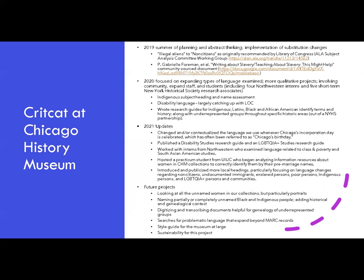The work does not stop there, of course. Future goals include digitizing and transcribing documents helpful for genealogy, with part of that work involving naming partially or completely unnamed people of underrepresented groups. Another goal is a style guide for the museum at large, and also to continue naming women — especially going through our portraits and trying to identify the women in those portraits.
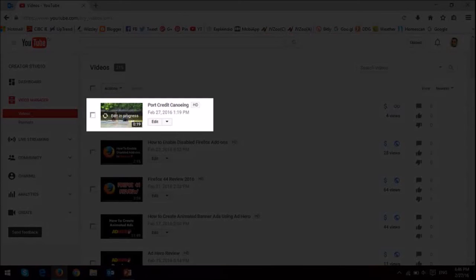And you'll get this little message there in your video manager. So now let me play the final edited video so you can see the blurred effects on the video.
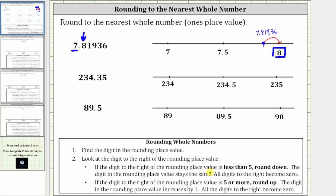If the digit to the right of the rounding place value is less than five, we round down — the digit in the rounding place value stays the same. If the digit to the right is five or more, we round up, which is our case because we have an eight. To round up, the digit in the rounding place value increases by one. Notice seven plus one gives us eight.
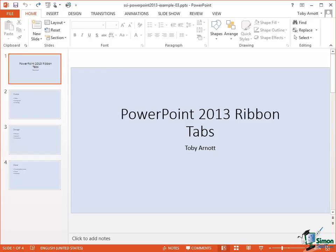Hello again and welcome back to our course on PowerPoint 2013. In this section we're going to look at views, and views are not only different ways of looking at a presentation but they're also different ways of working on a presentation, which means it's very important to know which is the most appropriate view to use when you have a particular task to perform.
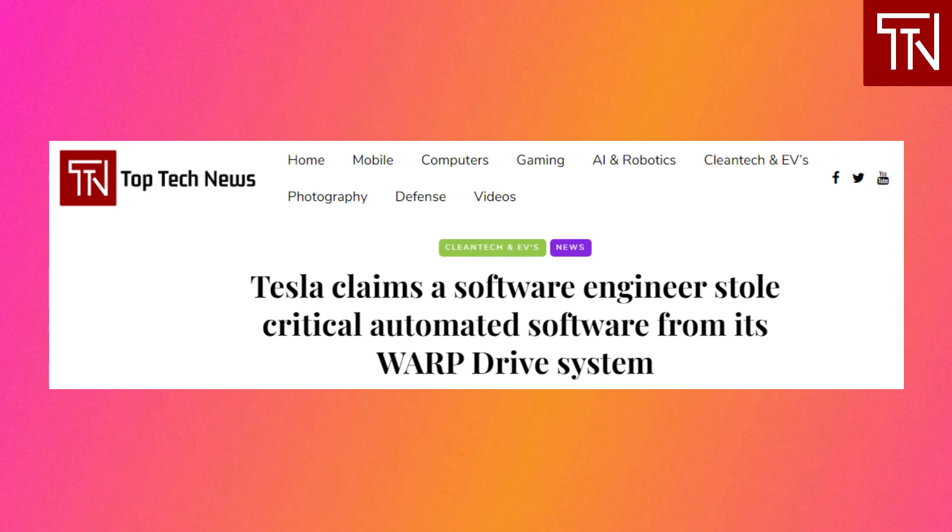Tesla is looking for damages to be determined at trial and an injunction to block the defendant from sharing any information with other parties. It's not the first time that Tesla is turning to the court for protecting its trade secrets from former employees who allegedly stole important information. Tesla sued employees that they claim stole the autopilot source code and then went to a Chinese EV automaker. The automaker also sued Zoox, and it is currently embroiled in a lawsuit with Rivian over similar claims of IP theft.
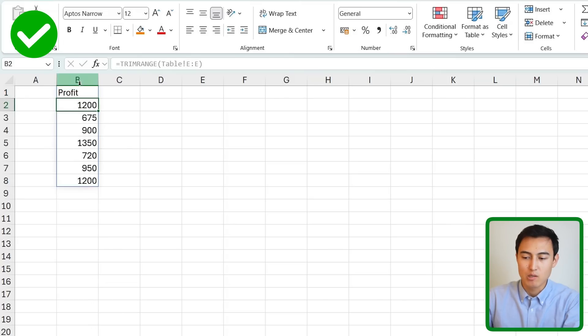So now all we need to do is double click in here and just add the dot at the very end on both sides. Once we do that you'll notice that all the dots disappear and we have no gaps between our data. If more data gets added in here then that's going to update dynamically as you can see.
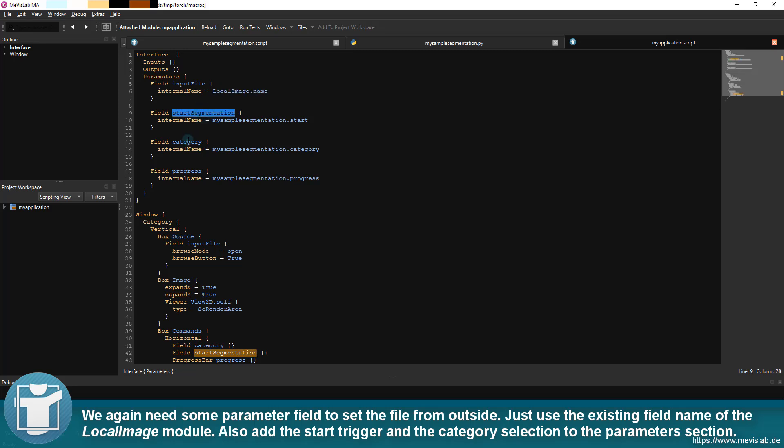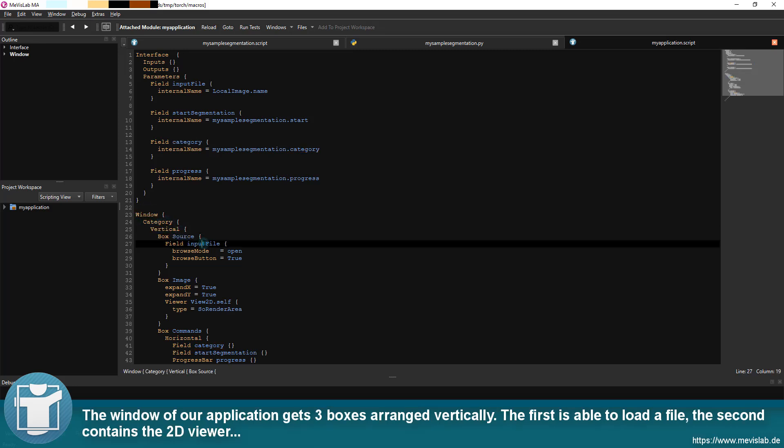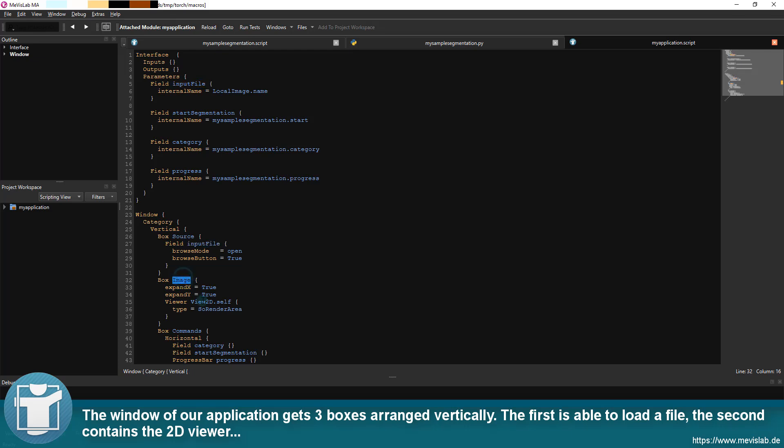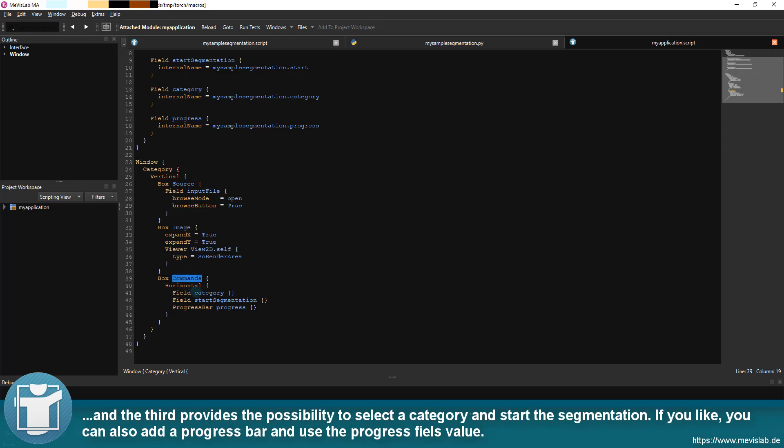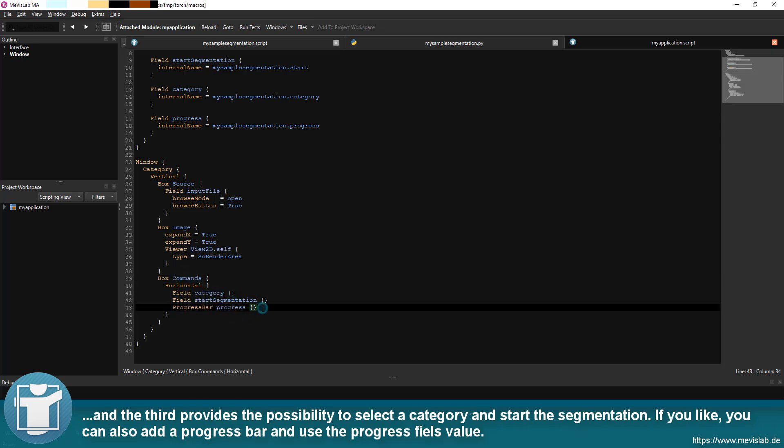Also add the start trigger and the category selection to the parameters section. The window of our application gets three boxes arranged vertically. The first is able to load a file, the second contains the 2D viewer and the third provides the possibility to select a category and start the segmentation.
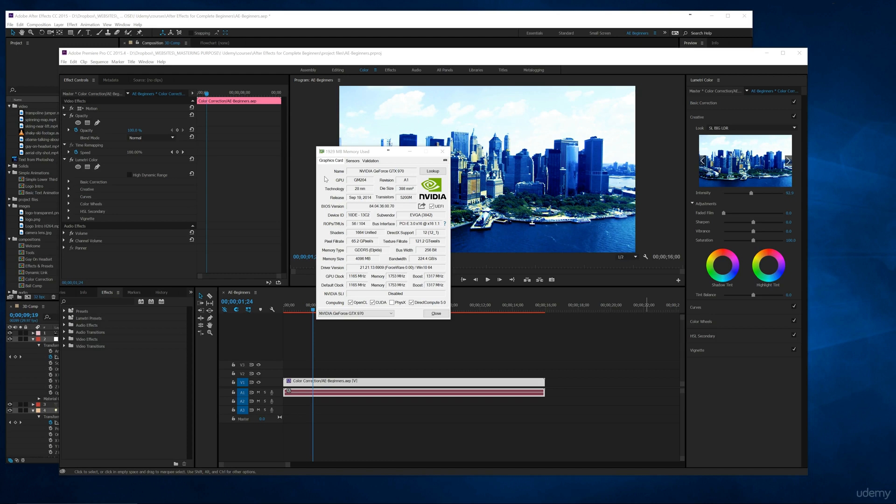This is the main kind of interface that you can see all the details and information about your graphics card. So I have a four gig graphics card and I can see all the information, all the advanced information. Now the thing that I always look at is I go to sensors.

__________________________________________________

Work order:
The data needs to be reproduced exactly, please, apart from its pictures.

Reply:
The work does not stop there, of course. Future goals include digitizing and transcribing documents helpful for genealogy, with part of that work involving naming partially or completely unnamed people of underrepresented groups. Another goal is a style guide for the museum at large, and also to continue naming women — especially going through our portraits and trying to identify the women in those portraits.
And you'll get this little message there in your video manager. So now let me play the final edited video so you can see the blurred effects on the video.
If the digit to the right of the rounding place value is less than five, we round down — the digit in the rounding place value stays the same. If the digit to the right is five or more, we round up, which is our case because we have an eight. To round up, the digit in the rounding place value increases by one. Notice seven plus one gives us eight.
Hello again and welcome back to our course on PowerPoint 2013. In this section we're going to look at views, and views are not only different ways of looking at a presentation but they're also different ways of working on a presentation, which means it's very important to know which is the most appropriate view to use when you have a particular task to perform.
Tesla is looking for damages to be determined at trial and an injunction to block the defendant from sharing any information with other parties. It's not the first time that Tesla is turning to the court for protecting its trade secrets from former employees who allegedly stole important information. Tesla sued employees that they claim stole the autopilot source code and then went to a Chinese EV automaker. The automaker also sued Zoox, and it is currently embroiled in a lawsuit with Rivian over similar claims of IP theft.
So now all we need to do is double click in here and just add the dot at the very end on both sides. Once we do that you'll notice that all the dots disappear and we have no gaps between our data. If more data gets added in here then that's going to update dynamically as you can see.
Also add the start trigger and the category selection to the parameters section. The window of our application gets three boxes arranged vertically. The first is able to load a file, the second contains the 2D viewer and the third provides the possibility to select a category and start the segmentation.
This is the main kind of interface that you can see all the details and information about your graphics card. So I have a four gig graphics card and I can see all the information, all the advanced information. Now the thing that I always look at is I go to sensors.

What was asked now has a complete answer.